Written Evidence Submitted by Global Partnership for Sustainable Development Data
About the Global Partnership for Sustainable Development Data and reason for submission
- The Global Partnership for Sustainable Development Data (Global Partnership) network is made up of hundreds of members across a range of sectors, data communities, issues, and regions. Our network is a community of organizations interested and/or working in the data for development space. We come together to break down barriers and silos, meet collaborators, share learnings, and advocate for data-driven policymaking. The UK Foreign Commonwealth and Development Office is one of our major donors.
- We’re submitting evidence as part of this inquiry because we work closely with UK-based organisations and stakeholders to meet the data needs of governments around the world. We deploy earth observations technology to fight critical global issues like climate change, in partnership with organisations like the UK Space Agency, Space4Climate, Office of National Statistics, Royal Meteorological Society, and more. With deep understanding of the opportunities and challenges for the UK space sector internationally, we wanted to share our insights and highlight the role of international cooperation in achieving Britain’s objectives.

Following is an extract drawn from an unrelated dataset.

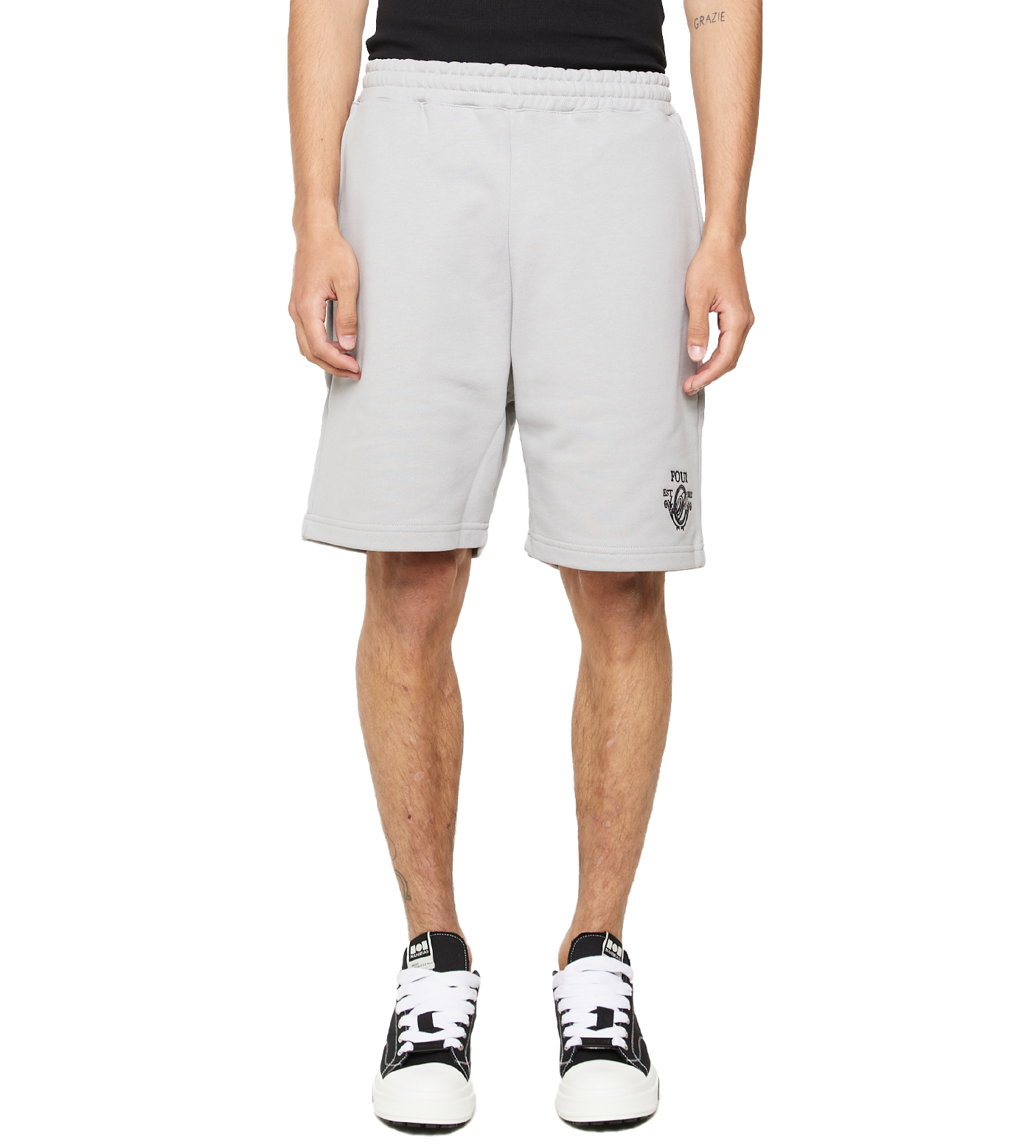 C5 Crest Logo Shorts Limestone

- The UK Space program is a fantastic global asset, with deep expertise in how space technology can help achieve global shared prosperity and the Sustainable Development Goals (SDGs). From quality jobs in Scotland, to climate mitigation and adaptation in all corners of the world, there’s a real opportunity to invest in the future. National programs should be complemented by a strong international engagement approach. For the development agenda, international partnerships play a critical role in ensuring that programs are financially sustainable, well-governed and ethical, and achieve critical development issues like the SDGs.
What are the prospects for the UK’s global position as a space nation, individually and through international partnerships?
- The UK space industry has great potential to help achieve global shared ambitions, like the greening of the financial services sector and the Sustainable Development Goals. With this potential comes increased complexity in understanding how space technology can be deployed, what the user needs are around the world, and how the satellite/space market is evolving. There are technical, language and cultural barriers in navigating this complexity that can lead to technology solutions not being very useful, overly expensive, or rooted in unsustainable business models.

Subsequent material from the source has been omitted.